* [Task item]
Write the records out again exactly as they read, dropping any picture they hold.

* [Materials provided]
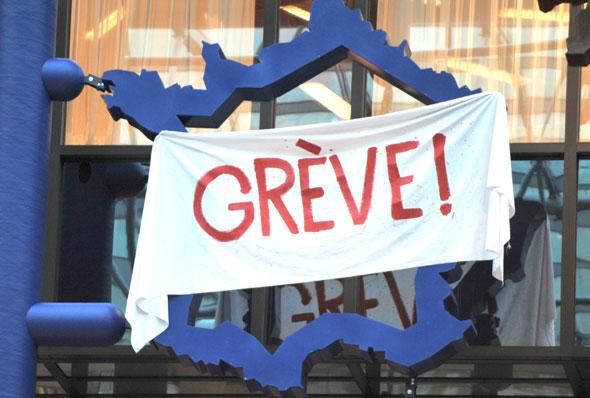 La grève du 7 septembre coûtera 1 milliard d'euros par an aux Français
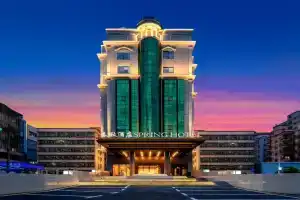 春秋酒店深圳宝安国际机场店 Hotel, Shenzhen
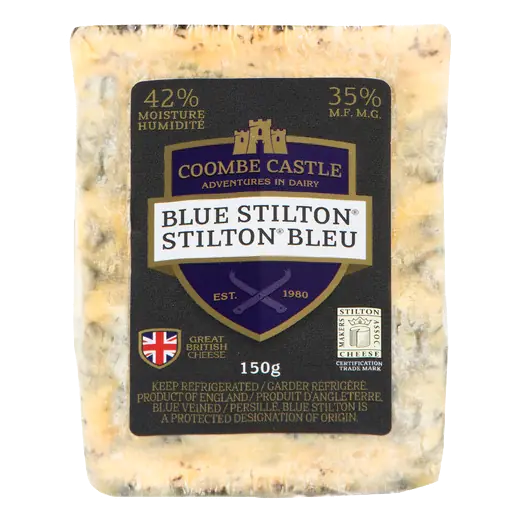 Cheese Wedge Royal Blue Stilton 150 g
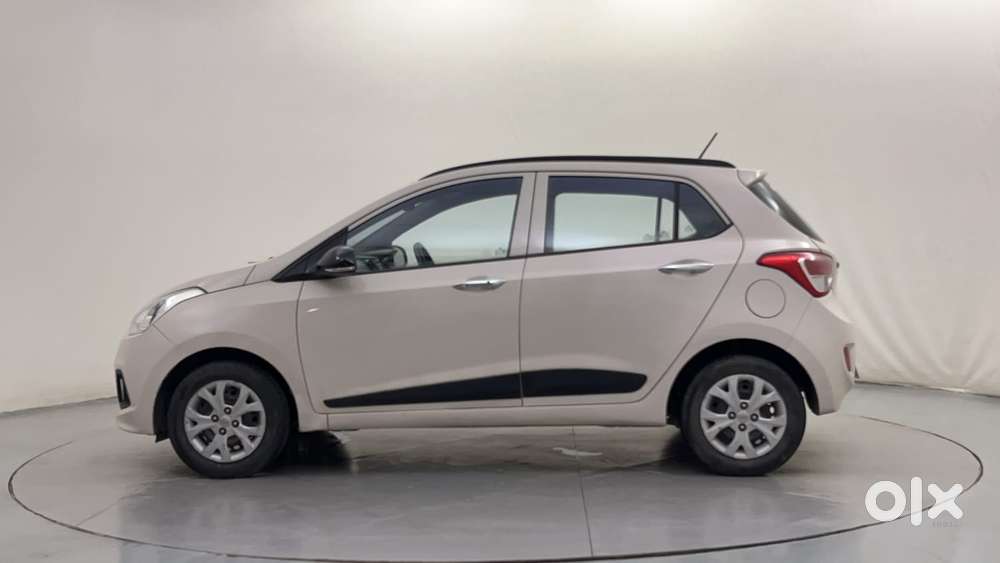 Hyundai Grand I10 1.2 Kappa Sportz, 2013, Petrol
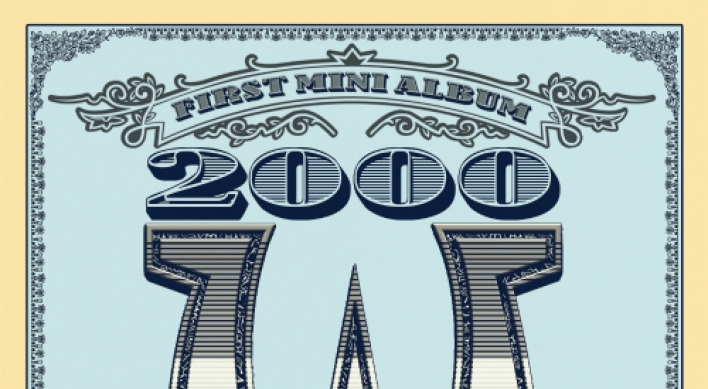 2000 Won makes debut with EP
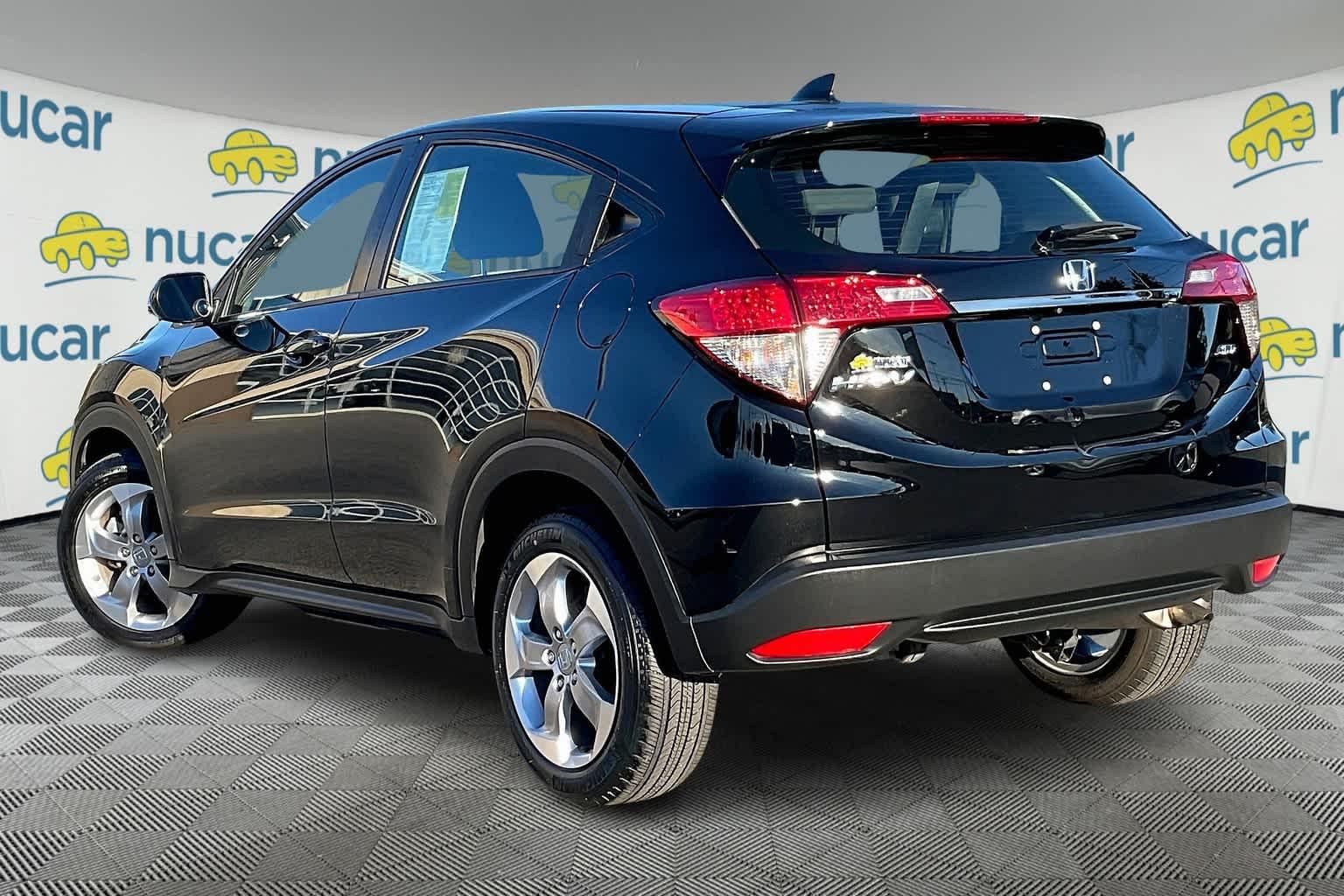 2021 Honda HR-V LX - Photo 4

* [The completed task]
 La grève du 7 septembre coûtera 1 milliard d'euros par an aux Français
 春秋酒店深圳宝安国际机场店 Hotel, Shenzhen
 Cheese Wedge Royal Blue Stilton 150 g
 Hyundai Grand I10 1.2 Kappa Sportz, 2013, Petrol
 2000 Won makes debut with EP
 2021 Honda HR-V LX - Photo 4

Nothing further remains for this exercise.